## WHAT YOU HAVE TO DO
Report each line from the records where the string "textured" turns up.
*** Opening DATASET CONTENT ***
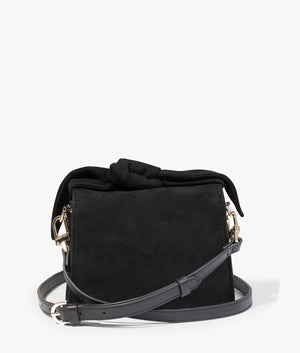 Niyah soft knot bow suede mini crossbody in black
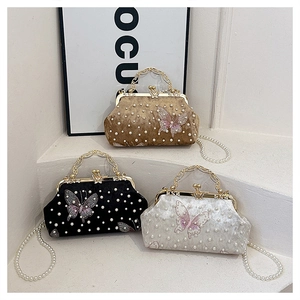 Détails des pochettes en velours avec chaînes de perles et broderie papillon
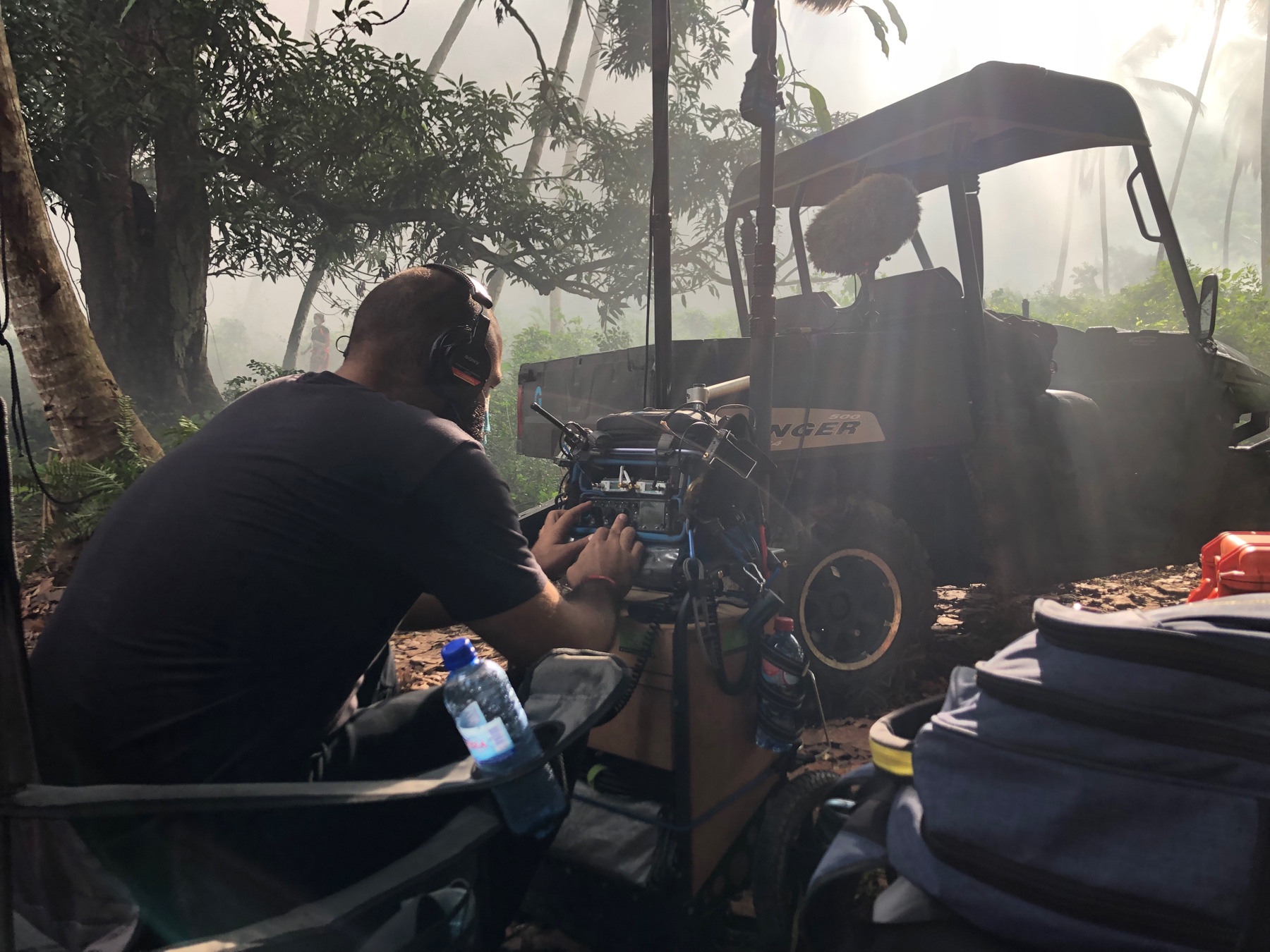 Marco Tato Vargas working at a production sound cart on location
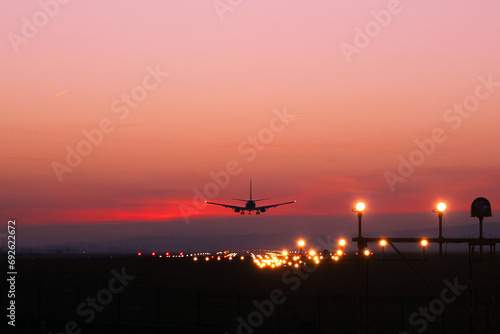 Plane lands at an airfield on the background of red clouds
*** Closing DATASET CONTENT ***
*** Opening DATASET CONTENT ***
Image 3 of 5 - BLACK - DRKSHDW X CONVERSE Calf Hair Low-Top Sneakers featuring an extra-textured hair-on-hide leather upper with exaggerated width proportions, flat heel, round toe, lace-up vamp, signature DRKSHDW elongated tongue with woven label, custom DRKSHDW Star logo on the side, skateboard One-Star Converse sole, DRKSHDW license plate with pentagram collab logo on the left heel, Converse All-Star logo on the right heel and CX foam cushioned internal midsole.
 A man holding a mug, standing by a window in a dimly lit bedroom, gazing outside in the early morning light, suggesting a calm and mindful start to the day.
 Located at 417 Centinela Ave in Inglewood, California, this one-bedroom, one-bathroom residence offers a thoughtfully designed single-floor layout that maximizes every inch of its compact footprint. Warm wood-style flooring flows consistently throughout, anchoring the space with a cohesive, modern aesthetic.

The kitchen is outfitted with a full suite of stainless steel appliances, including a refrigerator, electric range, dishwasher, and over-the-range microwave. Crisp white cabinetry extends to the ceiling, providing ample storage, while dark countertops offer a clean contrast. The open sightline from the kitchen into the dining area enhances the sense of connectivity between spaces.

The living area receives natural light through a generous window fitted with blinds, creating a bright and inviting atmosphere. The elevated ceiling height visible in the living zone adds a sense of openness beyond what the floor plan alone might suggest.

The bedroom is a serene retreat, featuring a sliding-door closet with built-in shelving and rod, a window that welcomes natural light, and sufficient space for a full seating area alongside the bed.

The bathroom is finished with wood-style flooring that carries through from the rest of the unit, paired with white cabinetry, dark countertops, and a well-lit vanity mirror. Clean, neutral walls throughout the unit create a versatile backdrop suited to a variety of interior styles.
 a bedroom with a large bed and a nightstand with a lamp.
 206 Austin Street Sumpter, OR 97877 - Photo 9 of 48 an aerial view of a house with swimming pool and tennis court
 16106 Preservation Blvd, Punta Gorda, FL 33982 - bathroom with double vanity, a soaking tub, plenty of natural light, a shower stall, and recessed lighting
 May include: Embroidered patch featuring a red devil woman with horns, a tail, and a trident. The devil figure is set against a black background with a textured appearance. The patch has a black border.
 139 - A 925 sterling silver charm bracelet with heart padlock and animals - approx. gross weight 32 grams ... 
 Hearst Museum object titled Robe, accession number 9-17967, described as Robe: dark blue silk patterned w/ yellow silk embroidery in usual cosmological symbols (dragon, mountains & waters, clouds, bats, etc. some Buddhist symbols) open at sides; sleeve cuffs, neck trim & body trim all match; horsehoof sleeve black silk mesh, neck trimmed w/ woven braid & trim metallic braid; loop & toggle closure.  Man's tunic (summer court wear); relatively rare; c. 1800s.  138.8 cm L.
*** Closing DATASET CONTENT ***
## REPLY TO THE TASK
Image 3 of 5 - BLACK - DRKSHDW X CONVERSE Calf Hair Low-Top Sneakers featuring an extra-textured hair-on-hide leather upper with exaggerated width proportions, flat heel, round toe, lace-up vamp, signature DRKSHDW elongated tongue with woven label, custom DRKSHDW Star logo on the side, skateboard One-Star Converse sole, DRKSHDW license plate with pentagram collab logo on the left heel, Converse All-Star logo on the right heel and CX foam cushioned internal midsole.
 May include: Embroidered patch featuring a red devil woman with horns, a tail, and a trident. The devil figure is set against a black background with a textured appearance. The patch has a black border.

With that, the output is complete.